◆ Dataset excerpt
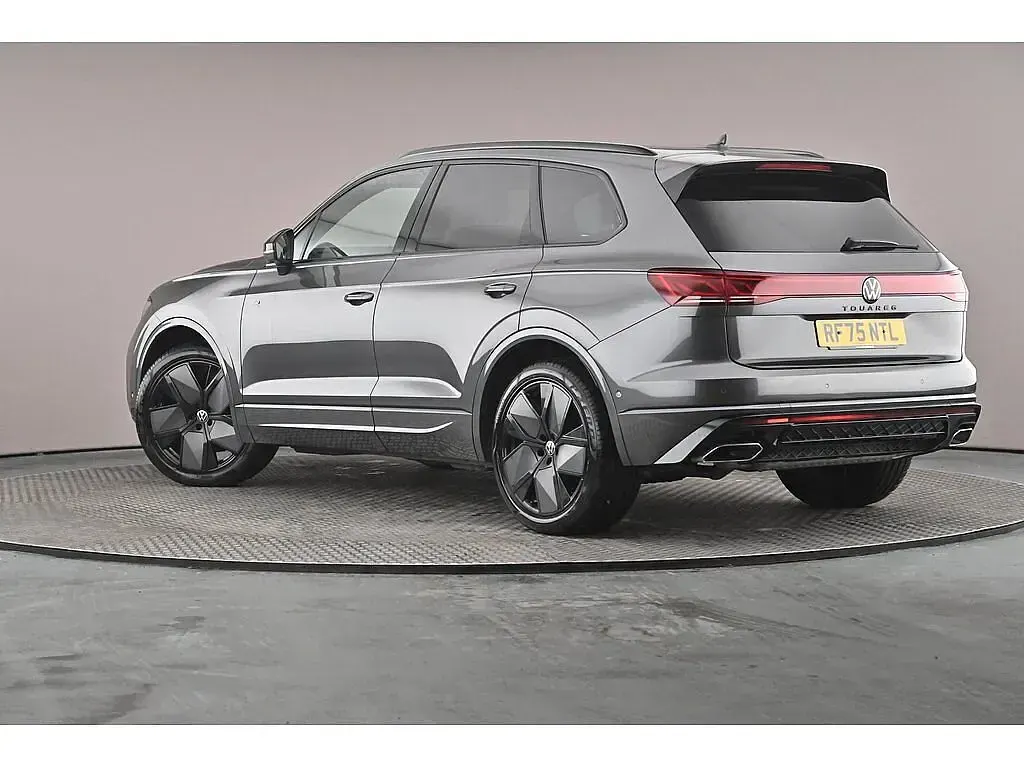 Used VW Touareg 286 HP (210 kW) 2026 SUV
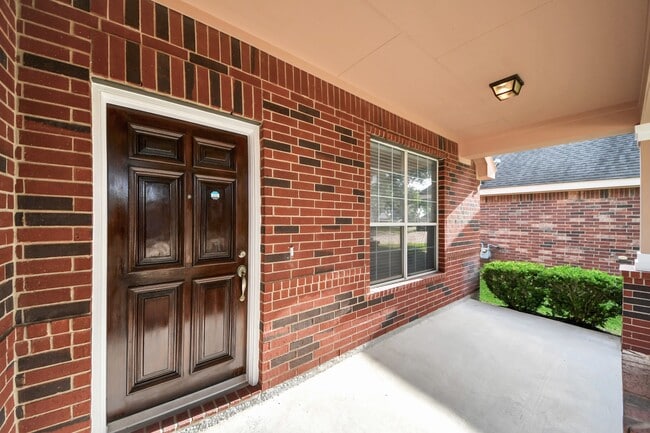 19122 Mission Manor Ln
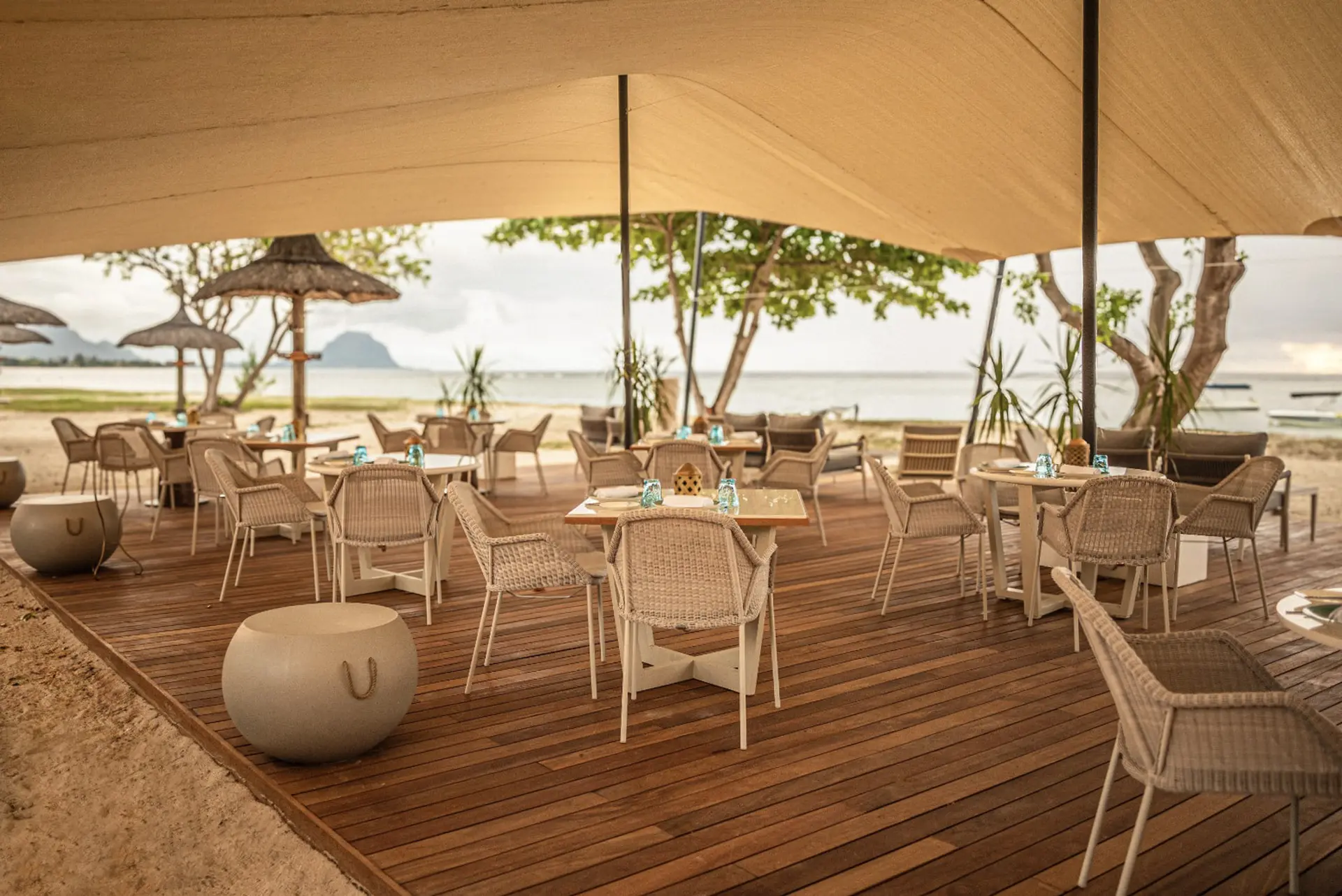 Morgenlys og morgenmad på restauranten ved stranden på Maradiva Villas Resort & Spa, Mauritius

◆ Task brief
Copy the data verbatim, skipping any image it holds.

◆ Answer to the exercise
 Used VW Touareg 286 HP (210 kW) 2026 SUV
 19122 Mission Manor Ln
 Morgenlys og morgenmad på restauranten ved stranden på Maradiva Villas Resort & Spa, Mauritius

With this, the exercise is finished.